Question

Name the process for propanol to propanoic acid conversion and reactants used.
(A) hydration of propanol using alkaline $KMn{{O}_{4}}$
(B) dehydration of propanol using alkaline $KMn{{O}_{4}}$
(C) oxidation of propanol using alkaline $KMn{{O}_{4}}$
(D) reduction of propanol using alkaline $KMn{{O}_{4}}$

Answer 1

Hint: Alkaline solution of potassium permanganate ($KMn{{O}_{4}}$) acts as a very strong oxidizing agent. Primary alcohols are converted to corresponding aldehydes by controlled oxidation. Using strong oxidizing agents primary alcohols are readily oxidized to carboxylic acids.

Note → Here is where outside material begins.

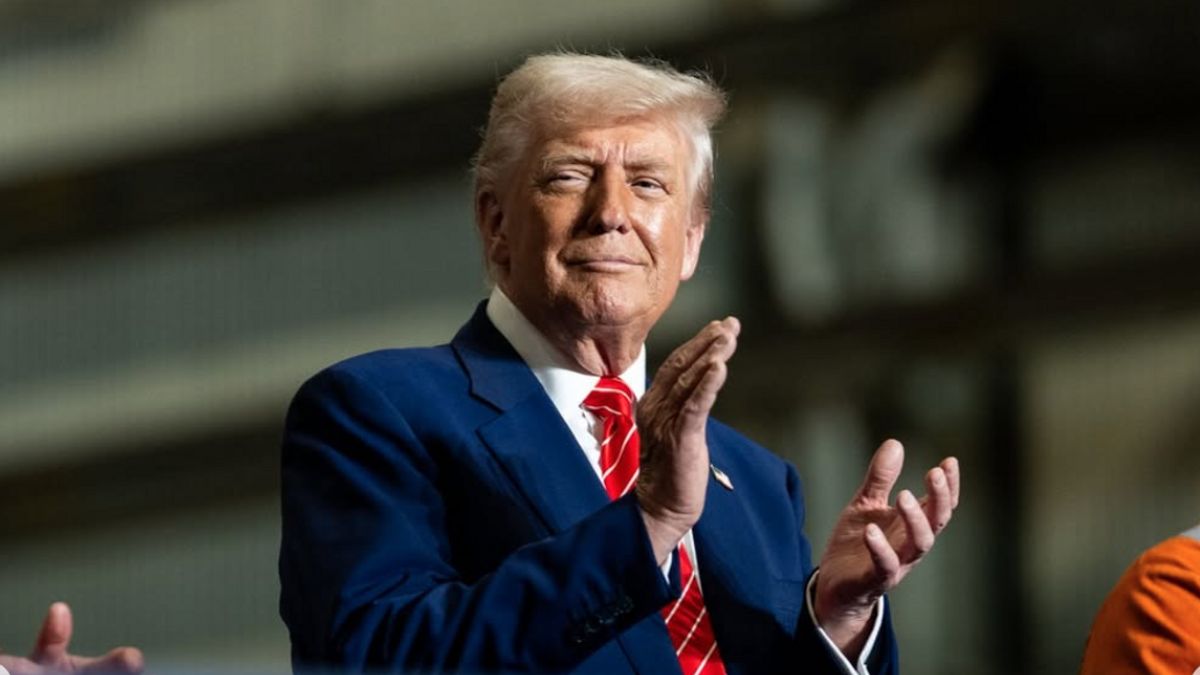 Israel Menggempur, Trump Tebar Ancaman Iran Bakal Lebih Tersungkur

Complete step by step solution:
Propanol ($C{{H}_{3}}C{{H}_{2}}C{{H}_{2}}OH$) is primary alcohol as the hydroxy ($-OH$) group is attached to the carbon-containing one-carbon chain.
Propanol can be oxidized to give propanal ($C{{H}_{3}}C{{H}_{2}}CHO$). Propanal, in turn, can be oxidized to propanoic acid ($C{{H}_{3}}C{{H}_{2}}COOH$).
\[C{{H}_{3}}C{{H}_{2}}C{{H}_{2}}OH\xrightarrow{\left[ O \right]}C{{H}_{3}}C{{H}_{3}}CHO\xrightarrow{\left[ O \right]}C{{H}_{3}}C{{H}_{2}}COOH\]
$KMn{{O}_{4}}$ acts as an oxidizing agent in neutral, acidic as well as alkaline solution. Since alkaline $KMn{{O}_{4}}$ is a strong oxidizing agent and therefore when it reacts with propanol, the reaction does not stop at aldehyde, i.e. propanal but forms propanoic acid as the end product. \[C{{H}_{3}}C{{H}_{2}}C{{H}_{2}}OH\xrightarrow{alkaline\,KMn{{O}_{4}}}C{{H}_{3}}C{{H}_{2}}COOH\]

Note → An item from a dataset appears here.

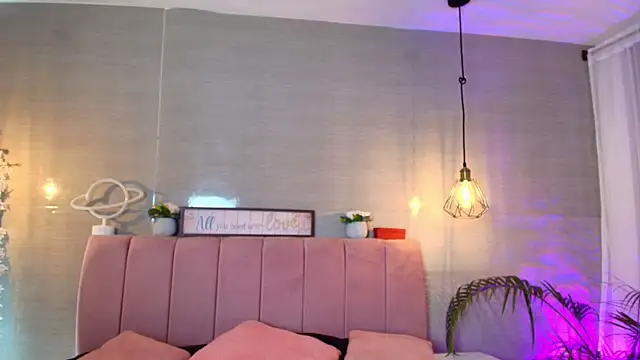 im sofii18 online show from October 2025 07:36:02 PM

Therefore, propanol is converted to propanoic acid by the process of oxidation using alkaline $KMn{{O}_{4}}$.
Hence, the correct option will be (C).

Additional information:
Dehydration (removal of a water molecule) of propanol is carried out in the presence of protic acids like sulphuric acid (${{H}_{2}}S{{O}_{4}}$) to give propene.
\[C{{H}_{3}}C{{H}_{2}}C{{H}_{2}}OH\xrightarrow{conc.\text{ }{{H}_{2}}S{{O}_{4}}}C{{H}_{3}}CH=C{{H}_{2}}+{{H}_{2}}O\]

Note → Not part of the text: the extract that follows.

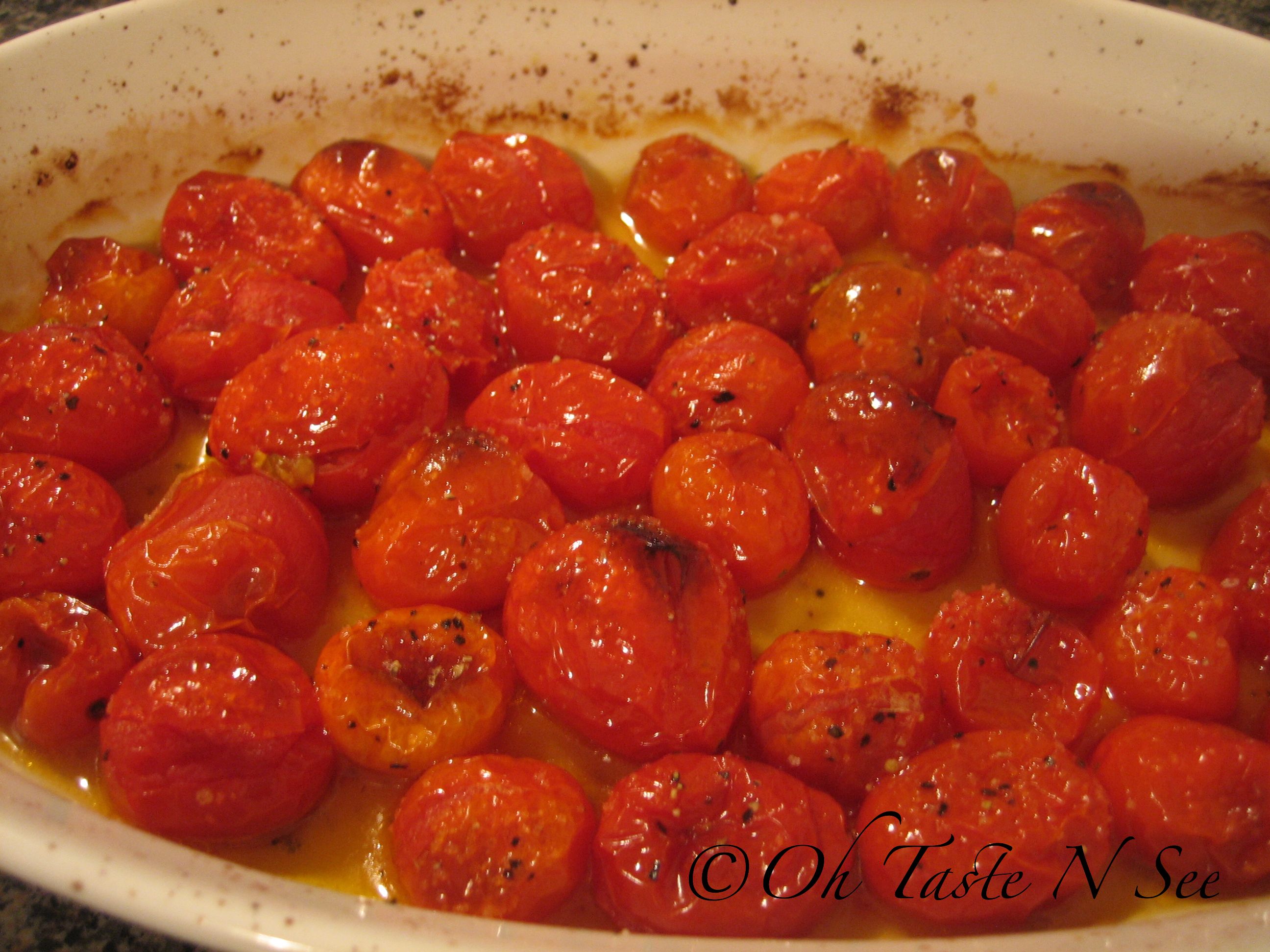 Spaghetti with Spinach and meatballs in roasted tomato sauce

Note: Note here that oxidation is the addition of oxygen or removal of hydrogen. Conversion of propanol to propanoic acid by alkaline $KMn{{O}_{4}}$ involves the addition of one oxygen with the removal of two hydrogen atoms, thus, it is an oxidation process.